# [SUPPLIED MATERIAL]
------------------------------------------------------------
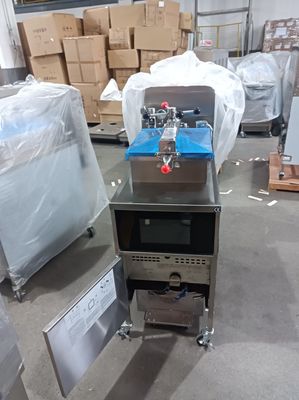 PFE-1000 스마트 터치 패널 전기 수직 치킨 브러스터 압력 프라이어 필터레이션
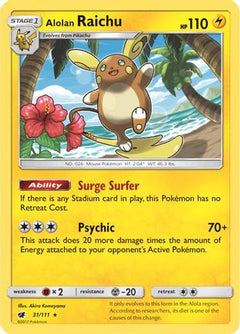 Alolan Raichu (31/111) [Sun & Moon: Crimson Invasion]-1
------------------------------------------------------------
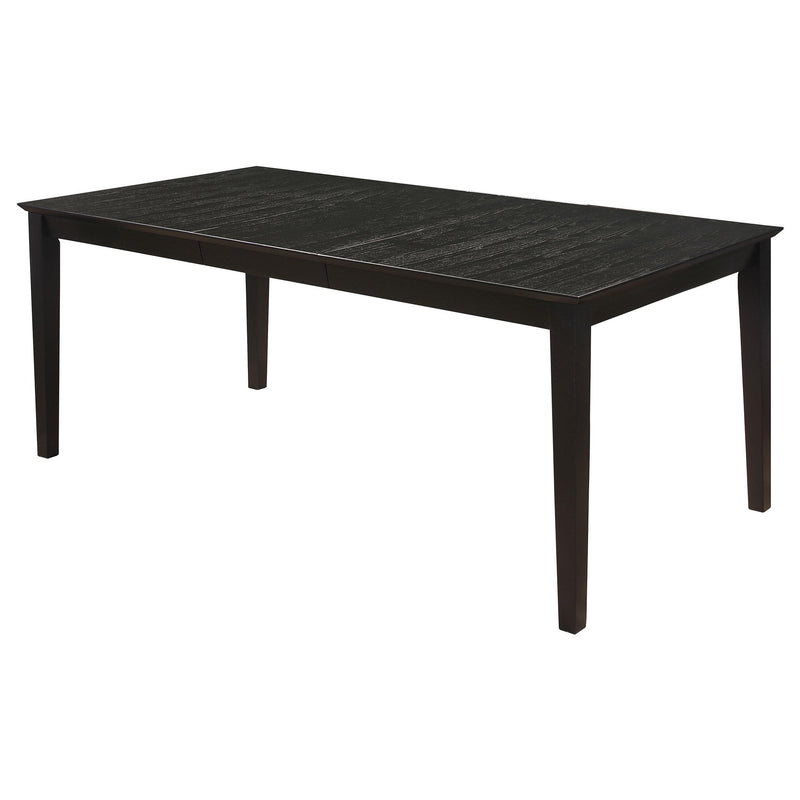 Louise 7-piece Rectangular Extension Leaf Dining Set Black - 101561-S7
------------------------------------------------------------
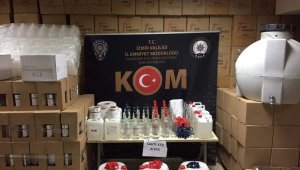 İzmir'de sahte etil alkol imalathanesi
------------------------------------------------------------
# [TASK GOAL]
Copy exactly the material above from the line with "PFE-1000 스마트 터치" to the line with "Alolan Raichu (31/111)", ends included, and nothing else. Leave out any picture.

# [YOUR SOLUTION]
 PFE-1000 스마트 터치 패널 전기 수직 치킨 브러스터 압력 프라이어 필터레이션
 Alolan Raichu (31/111) [Sun & Moon: Crimson Invasion]-1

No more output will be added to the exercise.